If you want to win my affection, don't bring me flowers. And before the horticulturists get up in arms, I have nothing against flowers, per se. Flowers are nice. They're pretty and they generally have a pleasant scent. But the thing is, I don't have a vase. So they end up sitting in one of those cheap plastic cups that you get when you order a large soda at the movie theater-mine advertises the last Batman movie that came out. Plus, the cat usually ends up eating them anyway.
And don't bring me trinkets or tokens. I don't mean to sound ungrateful; I'm sure that whatever you've purchased was intended to be a sweet gesture. And while I'll thank you for the gift, I probably don't really want it. I have plenty of junk already. And, really, how many sad-eyed stuffed animals holding signs proclaiming your love does a girl need?

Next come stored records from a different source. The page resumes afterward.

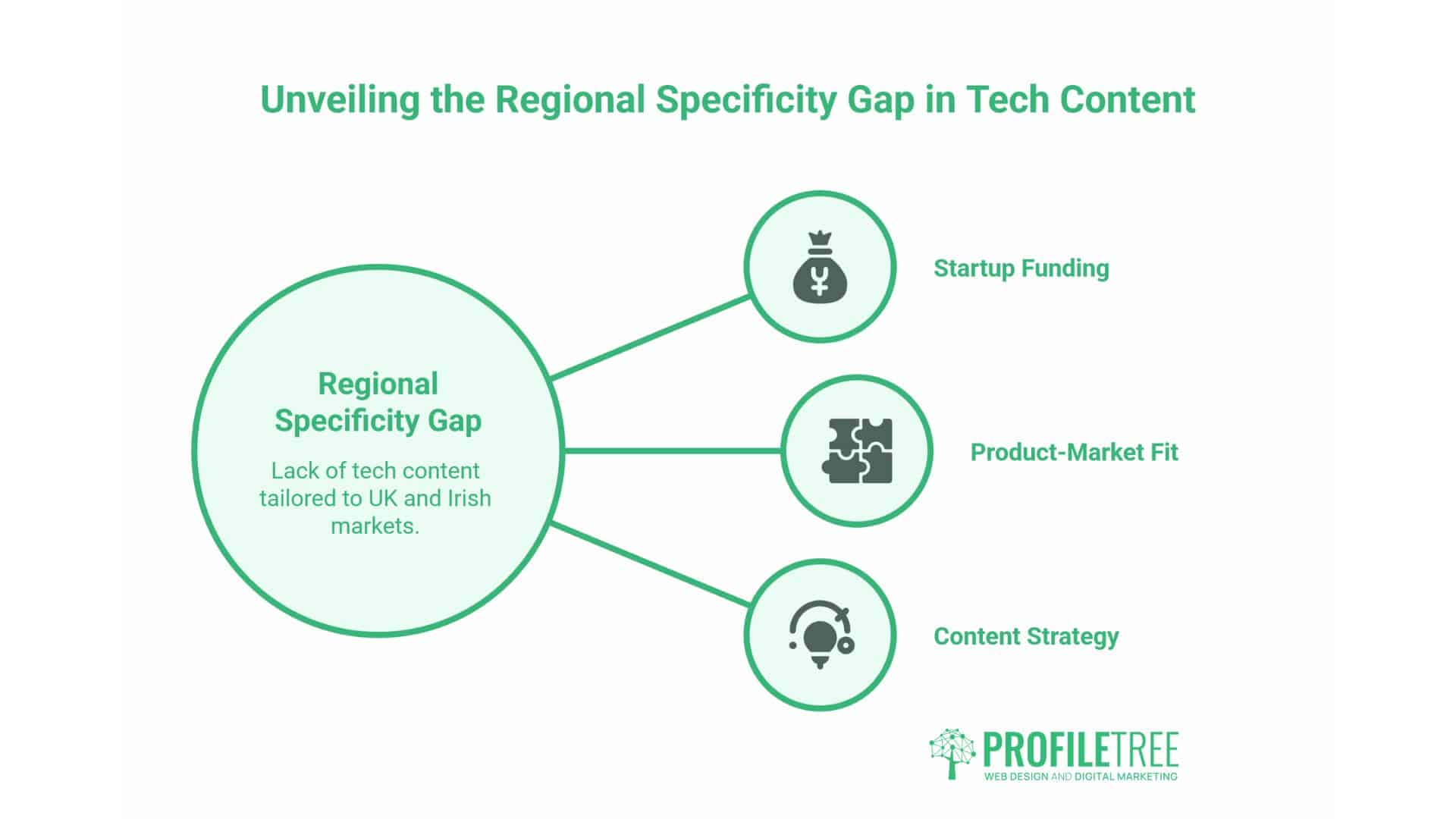 Tech Startups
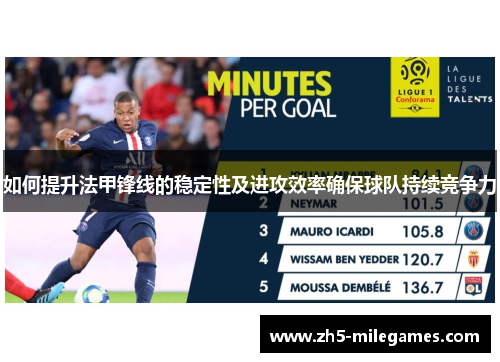 如何提升法甲锋线的稳定性及进攻效率确保球队持续竞争力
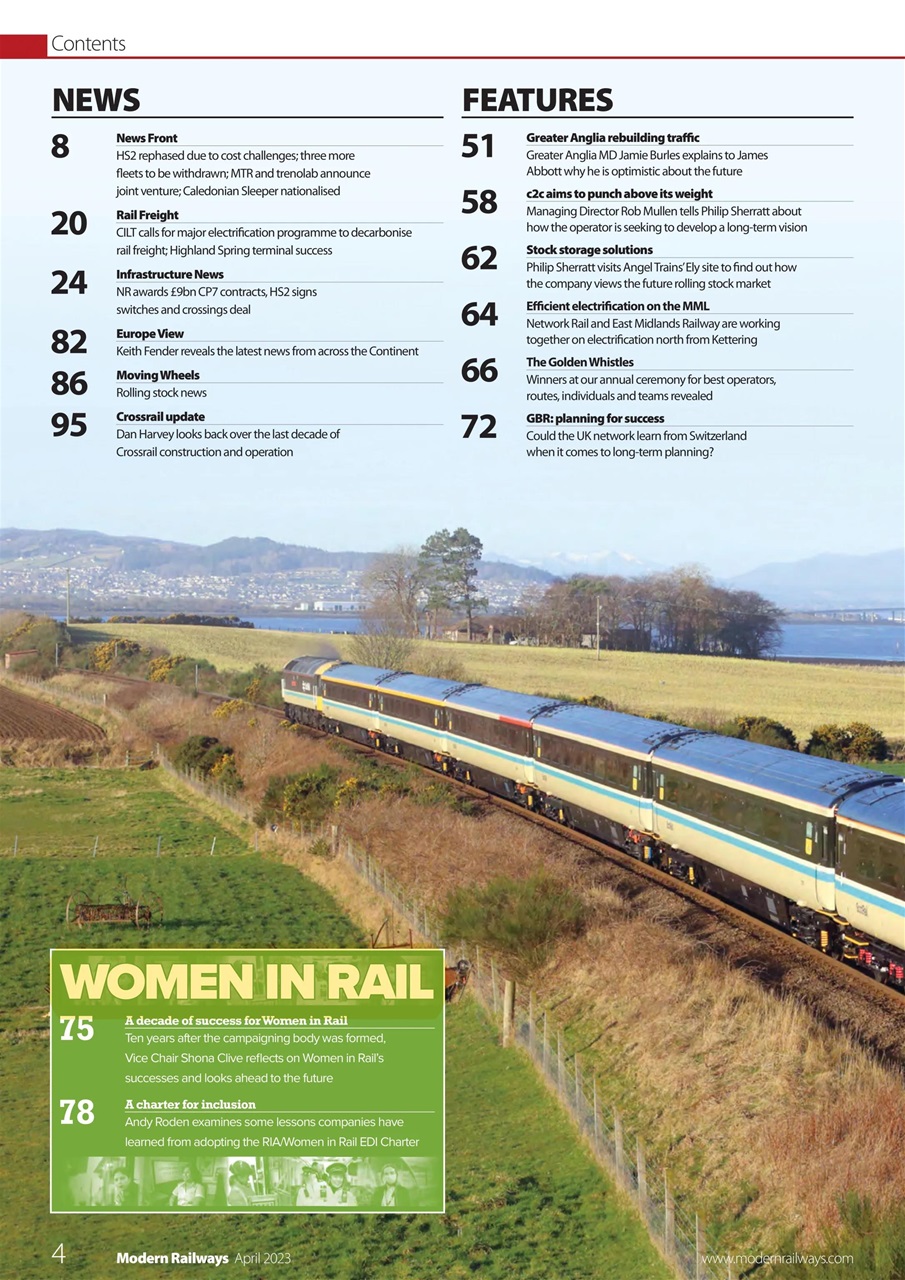 Modern Railways Preview Pages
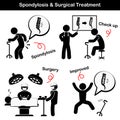 Spondylosis and Spondylolisthesis and Surgical Treatment Pictogram ( Old man suffer to low back pain ( lumbar pain ) , He was che Royalty Free Stock Photo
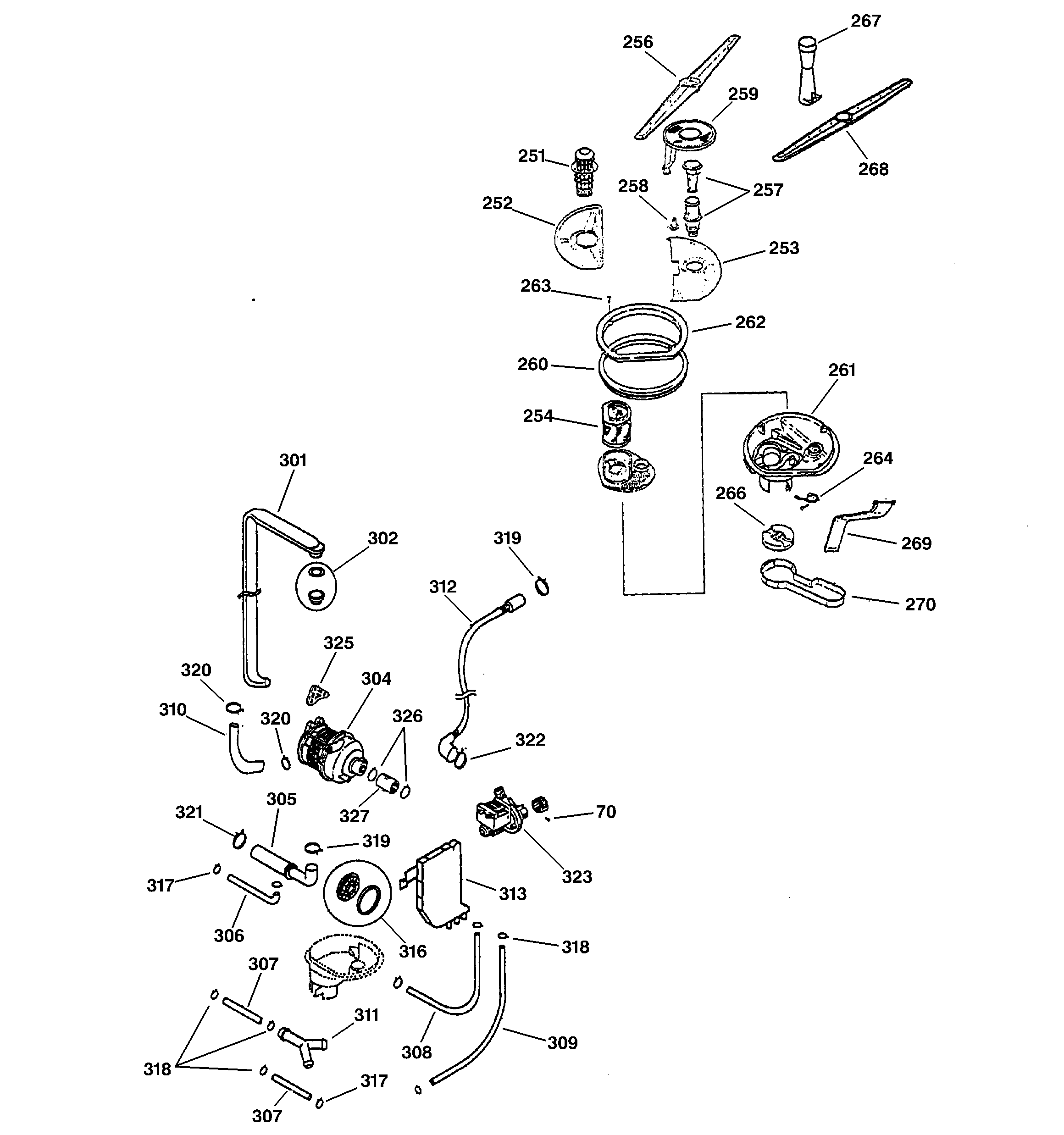 MOTOR-PUMP & SPRAY ARM ASSEMBLY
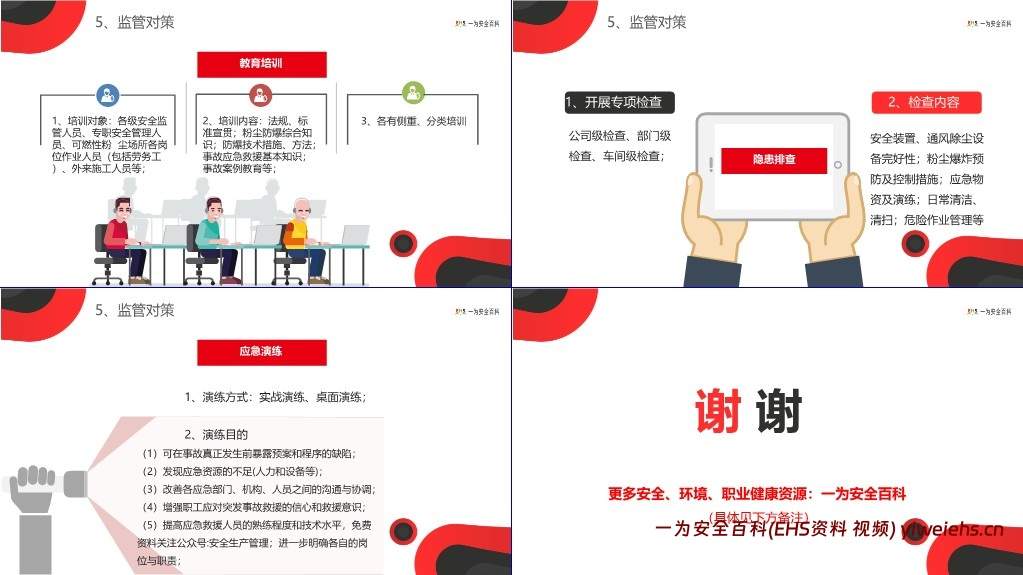 【PPT】粉尘防爆安全知识培训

Nope. If you want to win my my affection, bring me baseball. Bring me the summer sun. Bring me Don Orsillo and Jerry Remy, Tom Caron and Dennis Eckersley. Bring me pretzels and beer. Bring me 7:05 starts and west coast road trips that make it nearly impossible to get to work on time the next morning by the time they're over. Bring me well-fought games and blow-outs--with the good guys winning, of course. Bring me overly generous strike zones and close plays at the plate. Bring me spectacular catches and towering home runs. Bring me jubilation and frustration; disappointment and disbelief.
Or chocolate-as long as it's not filled with coconut. Coconut is poison.